Thus, the inventive system may easily reconstruct a clone server
and associated IT environment in case of failure or for increased
capacity.
[0071] The portal also provides the current status of all the IT
resources of the customer. Reporting may include server, storage,
network and application health, including historical data of
events. The user is able to view SLAs and near-real time
performance to the established SLAs, billing information, bandwidth
utilization, list of backup snapshots, disk size and description,
and journaling of all provisioning activities. It also provide
facility for establishing authorization level for various users in
the organization. The authorization levels define which users are
allowed to perform what functions, e.g., configuration changes,
billing changes, etc. As indicated above, the users will also be
able to enter, view and track trouble tickets via the portal.
[0072] In addition to reporting, the system may also provide the
user with active management suggestions or actions. For example,
the system may easily collect statistics about usage across the
entire system. So, for example, the system may easily identify that
on the last day of each month usage of accounting server is
substantial. The system may then suggest to add extra capacity only
for the duration of the high load. Similarly, the system may
predict high usage in specific times of the year, e.g., prior to
tax day, or during high shopping season, e.g., Christmas shopping
season.
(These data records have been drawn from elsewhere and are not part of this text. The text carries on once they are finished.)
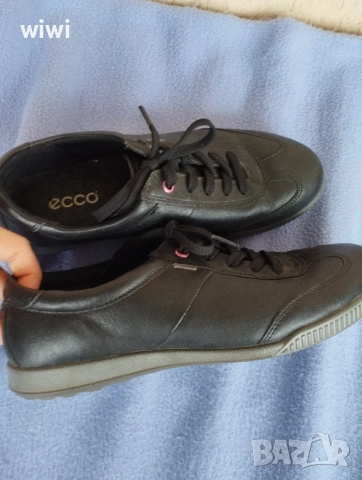 Обувки ecco core-tex номер 40.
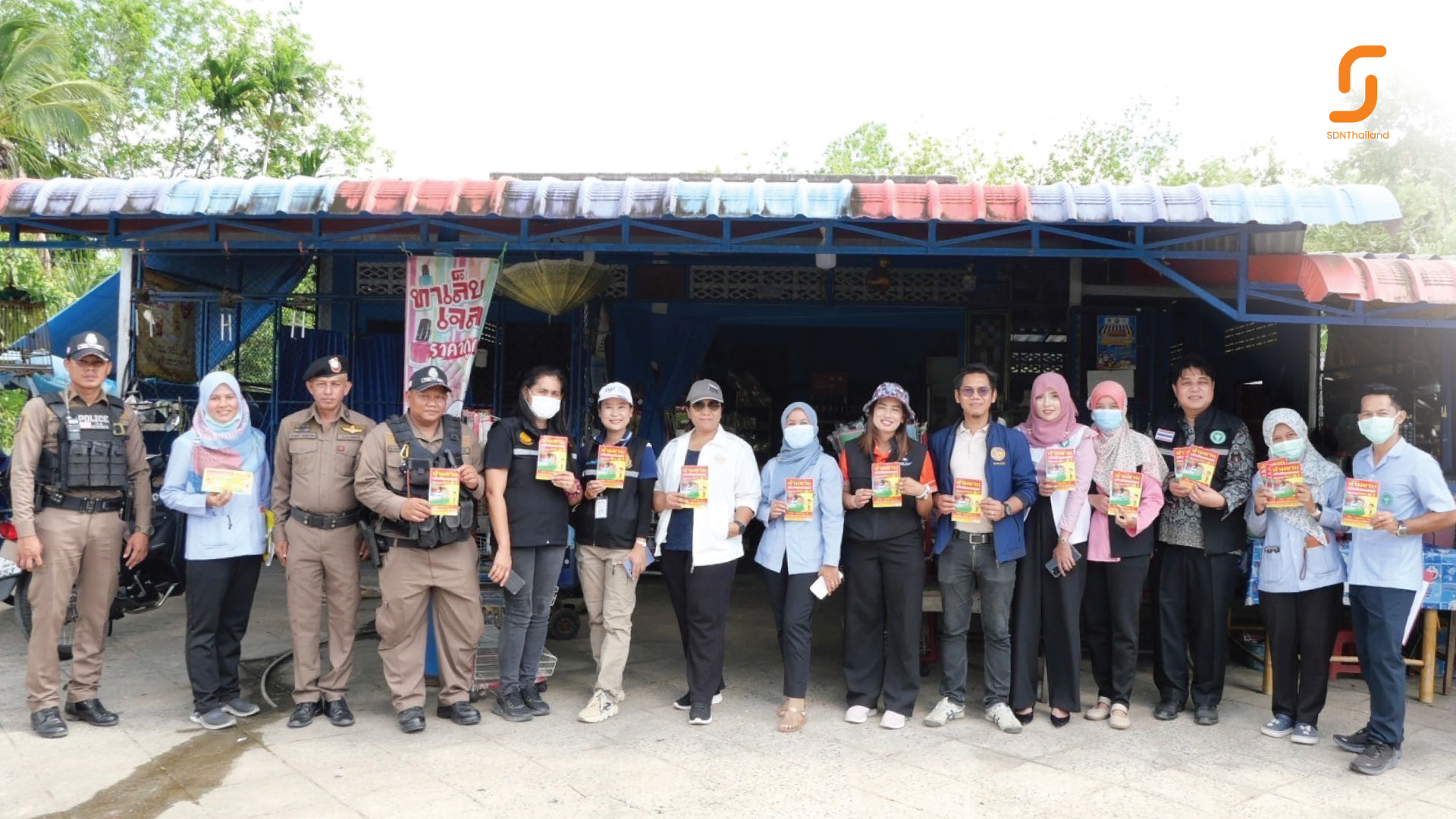 (มีคลิป) ภาคีกลไกขับเคลื่อน SAFER จังหวัดปัตตานี ร่วมบูรณาการความปลอดภัย เฝ้าระวังและออกตรวจร้านค้า ช่วงเทศกาลสงกรานต์ ประจำปี 2567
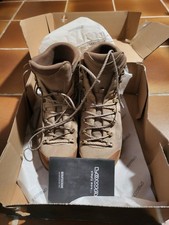 CHAUSSURES MARCHE ET TRAVAIL TEMPS CHAUD LOWA TAILLE 43 TRES BON ETAT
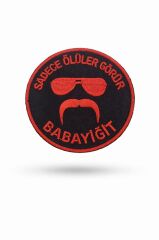 Single Sword ''SADECE ÖLÜLER GÖRÜR BABAYİĞİT'' Yazılı Cırtlı Nakış Arma, Patch, Peç Model KIRMIZI-SİYAH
The system may automatically suggest increasing the
resources. Since the system may collect statistics across the
entire system, it may easily develop predictive model to determine
the period to increase the resources and also the amount of
increased resources.
[0073] Conversely, the system may also issue alerts to the user
when the resources allocated are excessive in view of current
usage. That is, as the system monitors the usage on the user's
server environment, it may determine that certain allocated
resources are underutilized. For example, it may be that the
assigned bandwidth is to high for the amount of traffic going to
the server. The system may then issue an alert proposing to the
user to select a lighter resource allocation, thereby saving the
user unnecessary expense.
[0074] Using collected statistics the system may also generate
predictive billing. For example, as noted above, the system may
estimate that during December a certain user's server environment
may need an increase in computing and bandwidth capacity of 30%.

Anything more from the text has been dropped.